April 14 – Columbus’ Ships

The Nina (left) and Santa Clara (aka Pinta).

We all learned about them in elementary school — the Nina, the Pinta, and the Santa Maria. The ships that carried the Spanish expedition headed to the Far East, but by chance bumped into the Americas. This past weekend, historically-accurate replicas of the 15th century caravels, Nina and Pinta, stopped in Saint Marys as part of a tour that began in Pensacola, FL, and will wind up in Newport, RI. Other stops in Florida included Venice, Fort Myers, Jupiter and Vero Beach. From Saint Marys, the ships head to Beaufort and Charleston in South Carolina, Wilmington, NC, Cape May, NJ, and Bridgeport and Hartford, CT, before arriving in Newport in June. The ships are presented by the Columbus Foundation.

As I mentioned in my post last year on the 17th century El Galeon replica we saw in Beaufort, SC, I’m a fan of old ships. The Nina and Pinta represent the oldest style of ship I’ve actually been aboard. They were much more primitive than El Galeon. The Nina is only 65 feet long, with a beam of 16 feet and a draft of 7 feet, displacing 80 tons. The Pinta is 85 feet long, 24 feet abeam and a draft of 7 feet, displacing 101 tons. According to the Columbus Foundation, Spanish ships were typically named after saints, but also had nicknames. They say that the Pinta was officially named the Santa Clara. We don’t know what the official name of the Nina was. (Wikipedia, however, says that the Nina was the Santa Clara, with┬áno official name given for the Pinta.) Of course, the third Columbus ship was the Santa Maria (nicknamed Capitana by Columbus?). The┬áColumbus Foundation does not have a replica of the Santa Maria. She ran aground on Hispanola on Christmas Day, 1492, and was abandoned, and there are no records of her dimensions or sketches of her style, though she is described as a carrack, which is an upsized version of a caravel. After three months of exploring the Bahamas and Greater Antilles, Columbus returned to Spain in January, 1493, joining the other 24 crew members aboard the Nina. The Pinta and her 26-member crew also returned home, but the 39 crew members of the Santa Maria stayed on Hispanola, founding a settlement.

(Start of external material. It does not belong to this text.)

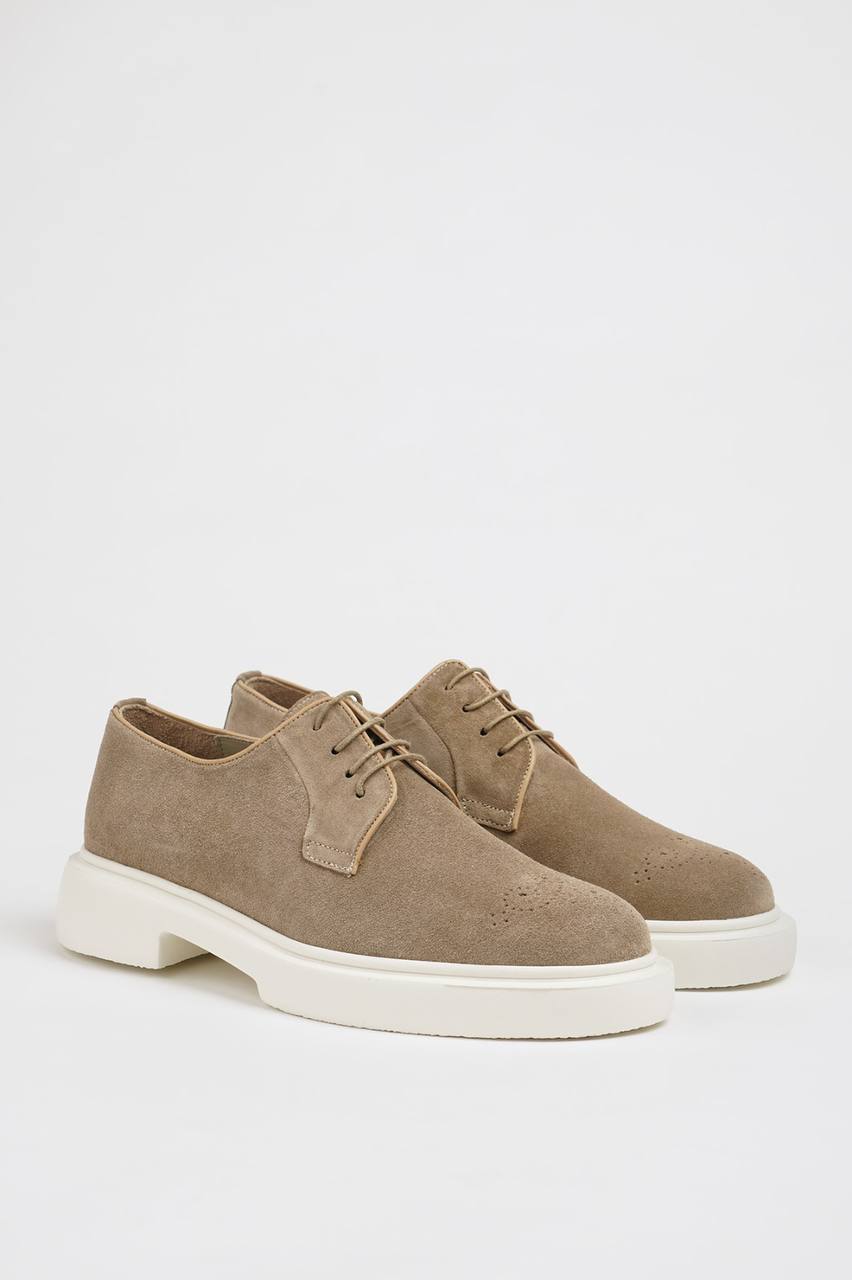 Beige Suede Derby Brogue Laces Shoes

These are some views of the Nina from the quarterdeck of the Pinta. Not only was the Nina built using authentic materials, she was built using authentic tools. The Pinta was built with authentic materials, too, but modern tools were employed. Maybe that’s why I liked the Nina more than the Pinta. Even though she was a smaller boat, she had a much nicer feel to her.

Some interesting views of the rigging on Nina. There was very little metal on the ship. I only saw the eyes in the deck where the stays for the mast were anchored. Everything else was either wood or rope. The large wooden 8:1 block was for hoisting the mainsail spar. There were no winches aboard, so this giant pulley was the only way of raising the mainsail. There was a similar 6:1 block for hoisting the foresail spar. The fender hanging off the side of the ship is one giant knot of rope.

If you are near one of the ports that these ships will be visiting this spring, I encourage you to take the time to visit them. You will get a great living history lesson.